TASK DESCRIPTION → Leave out pictures; repeat exactly the lines from the "Cicero Surface" line through the last of the data below.

....................

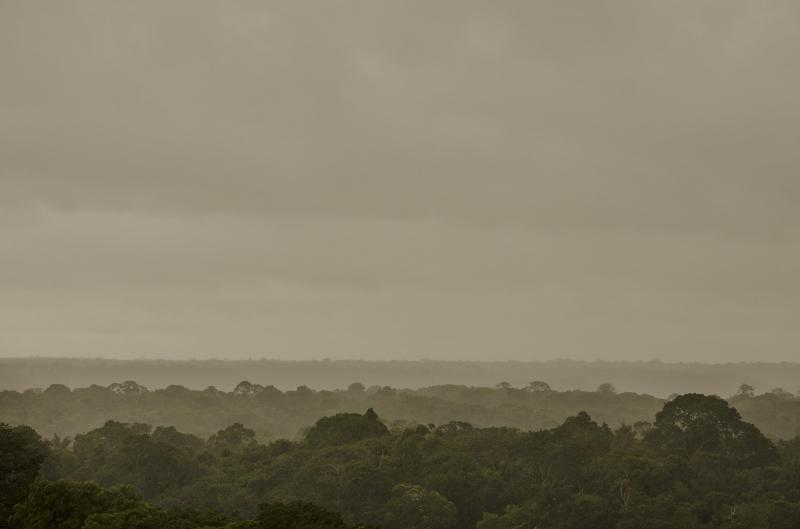 Remediação de Áreas Degradadas: Como restaurar o equilíbrio ambiental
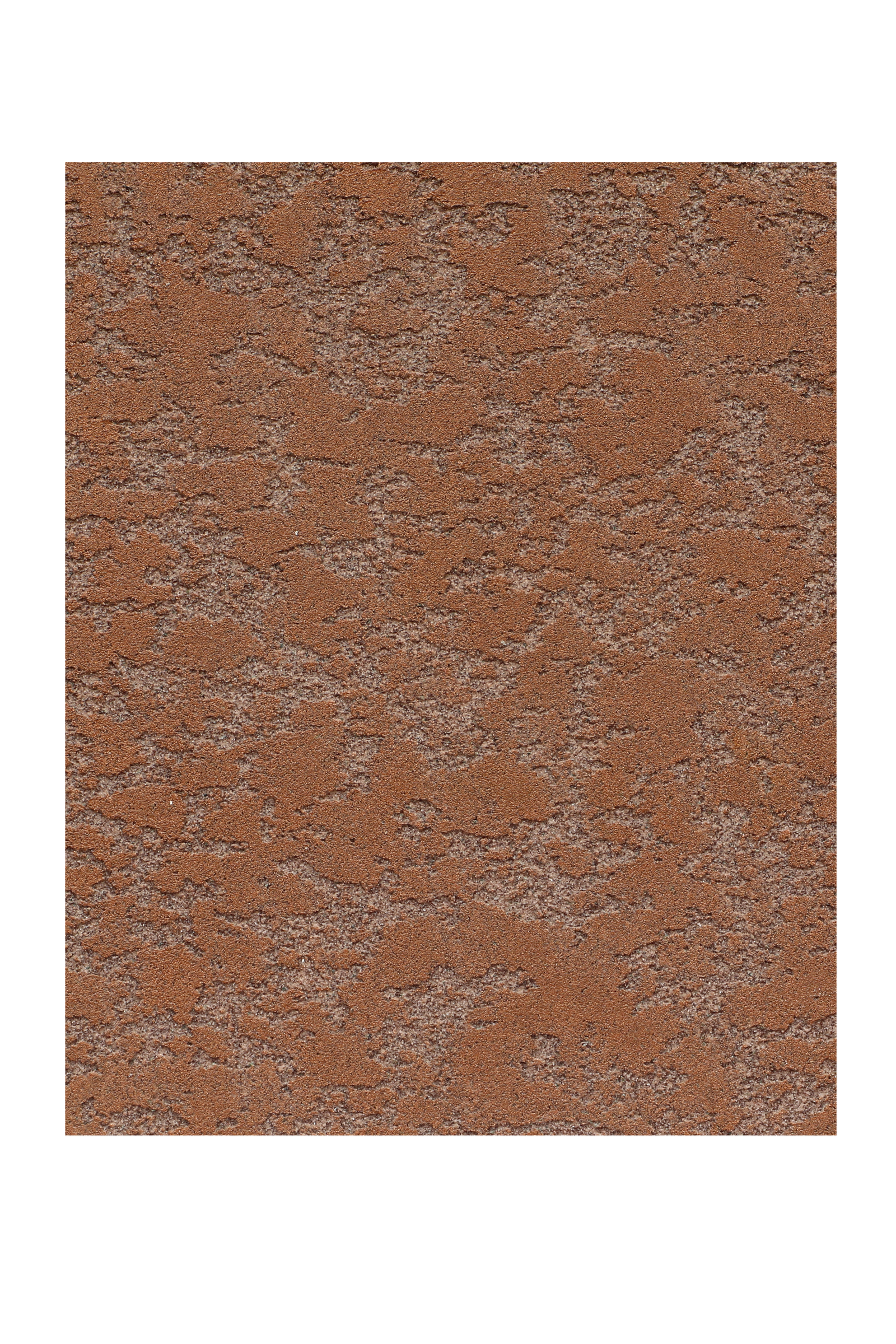 Cicero Surface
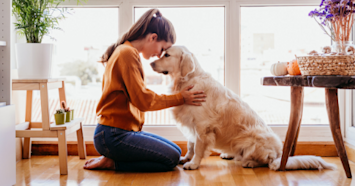 golden retriever and owner sitting on ground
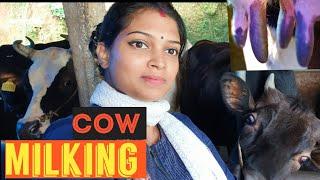 Cow Milking By Hand | Village Life | Cow Farming | How to milk a cow | Jyothimani | Vlog 114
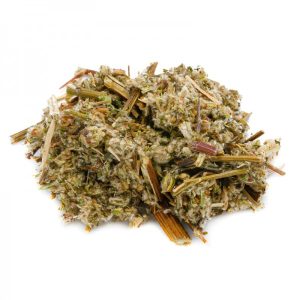 Artemisia Volgare Taglio Tisana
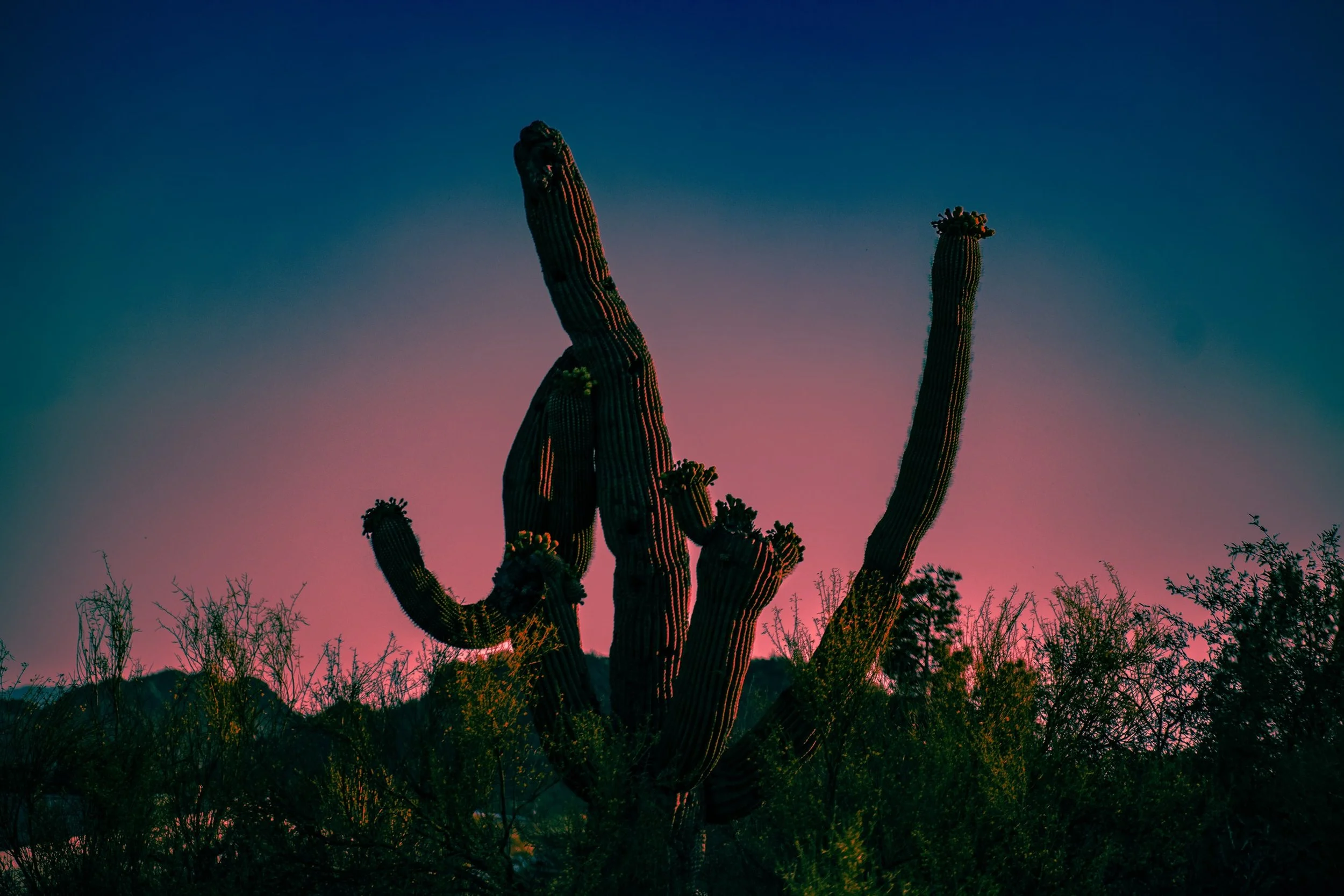 Cactus.jpg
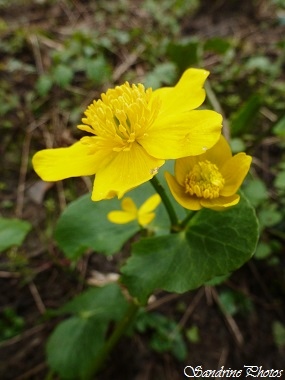 Populage des marais, Caltha palustris, Fleur sauvage jaune sur terrain très humide, Renonculacées, Yellow wild flower on very wet ground, Bouresse, Poitou-Charentes, France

....................

SOLUTION TO THIS PROBLEM →
 Cicero Surface
 golden retriever and owner sitting on ground
 Cow Milking By Hand | Village Life | Cow Farming | How to milk a cow | Jyothimani | Vlog 114
 Artemisia Volgare Taglio Tisana
 Cactus.jpg
 Populage des marais, Caltha palustris, Fleur sauvage jaune sur terrain très humide, Renonculacées, Yellow wild flower on very wet ground, Bouresse, Poitou-Charentes, France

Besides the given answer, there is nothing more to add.